I appreciate that the authors were embedded within the Reddit community for over one year and provides concrete recommendations for creators of new and existing platforms, for designers and researchers interested in automated content moderation, for scholars of platform governance, and for content moderators themselves.

I also appreciate the deep and thorough qualitative nature of the study, along with the screenshots, however the paper may be too long and too detailed in some aspects. I wish there was a “mini” version of this paper. The quotes themselves were exciting and exemplary of problems the users faced.

The finding that different subreddits configured and used subreddits was interesting and I wonder how much a moderators’ skills and background affects whether and in what ways they configure and use Automod. Lastly, the conclusion is very valuable and especially as it is targeted towards different groups within and outside of academia.

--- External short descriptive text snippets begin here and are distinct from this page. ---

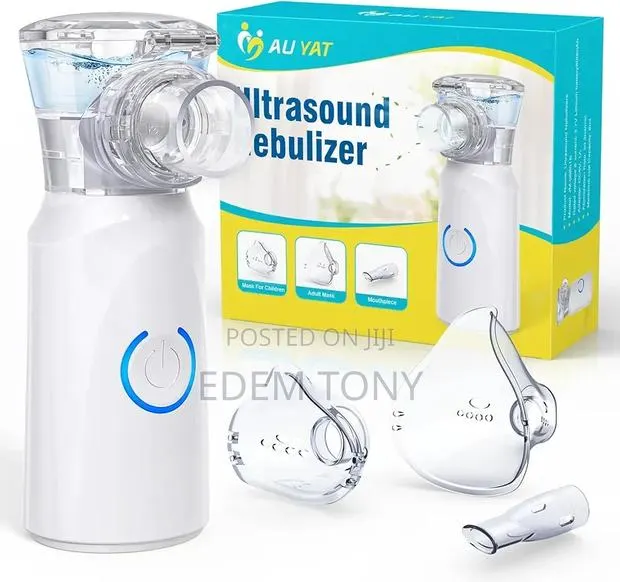 Ultrasonic Nebuliser Machine for Adults, Rechargeable-Adults Kids · Photo 1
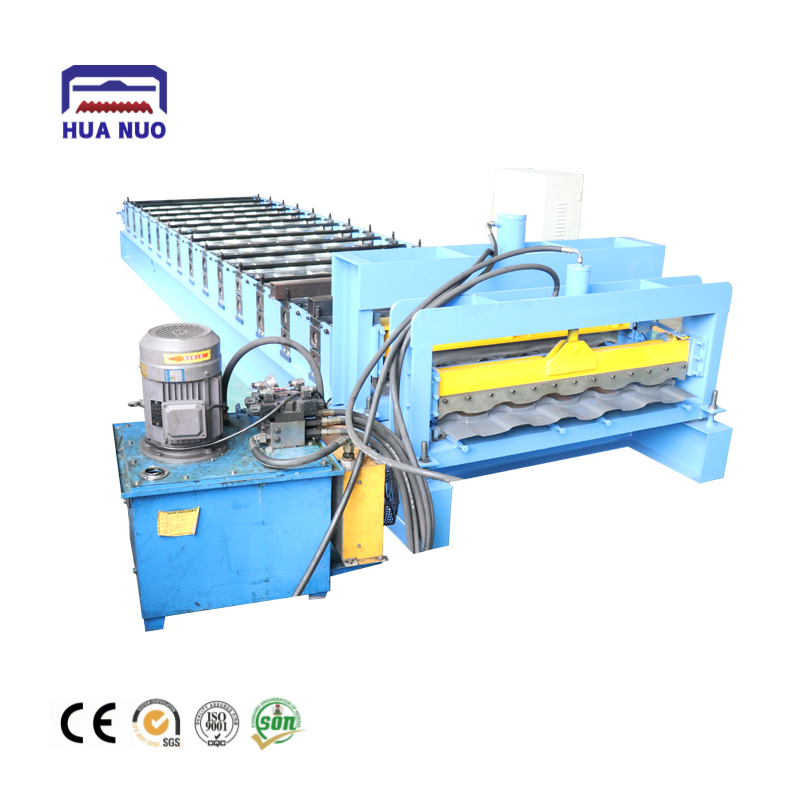 H24-222-1110 Glazed Tile forming machine1
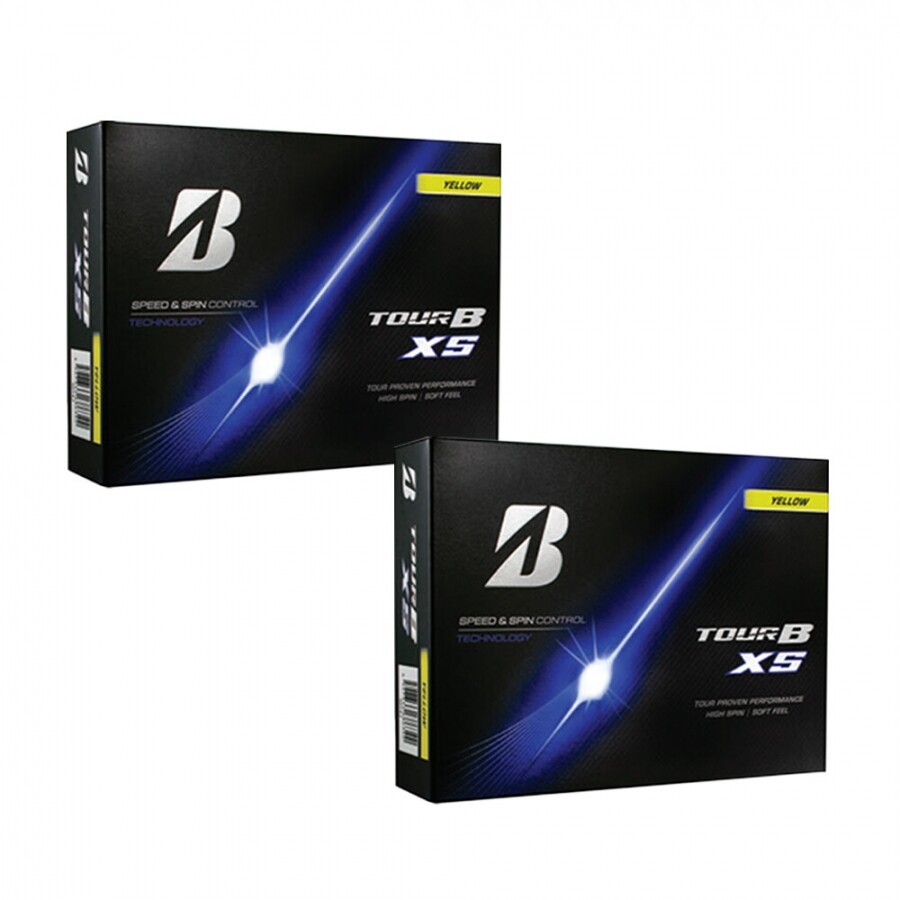 [석교상사 정품] 브릿지스톤 26년 TOUR B XS 골프공 옐로우 2개 세트 GF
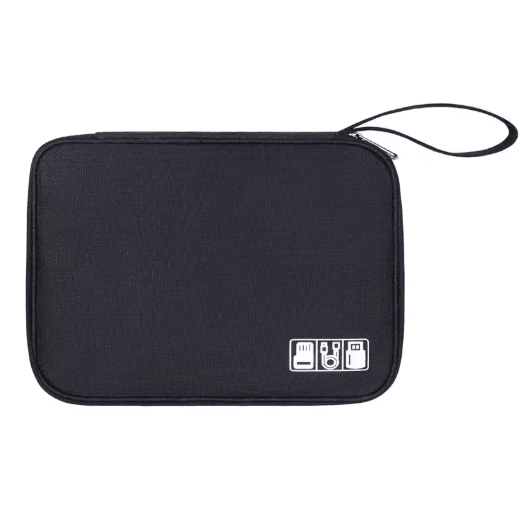 Electronics Organizer Bag and Waterproof Cable Storage Pouch Travel Tech Accessories Organizer Case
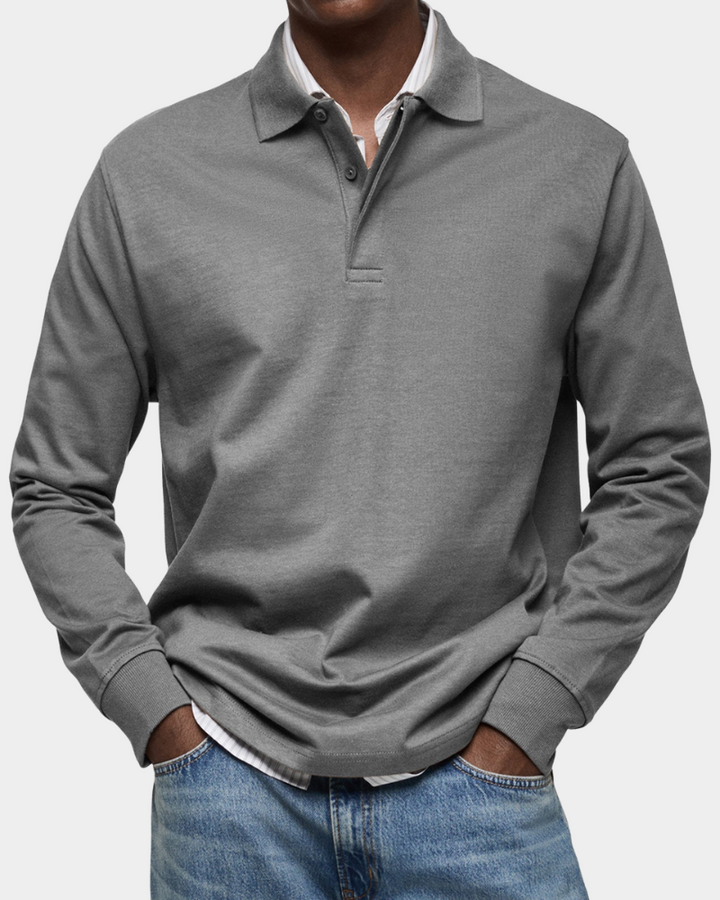 Lange Mouwen Polo Heren | Tijdloze Stijl &amp; Comfort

Two themes that emerged, “Becoming/continuing to be a moderator” and “recruiting new moderators” sound interesting, but I wonder why it was left out of the results. The paper does not provide any explanation in regards to this.

Questions:

How do you subreddits might differ in their use of Automod based on their technical abilities?
How can we teach people to use Automod better?
What are the limitations of Automod? How can they be overcome through ML methods?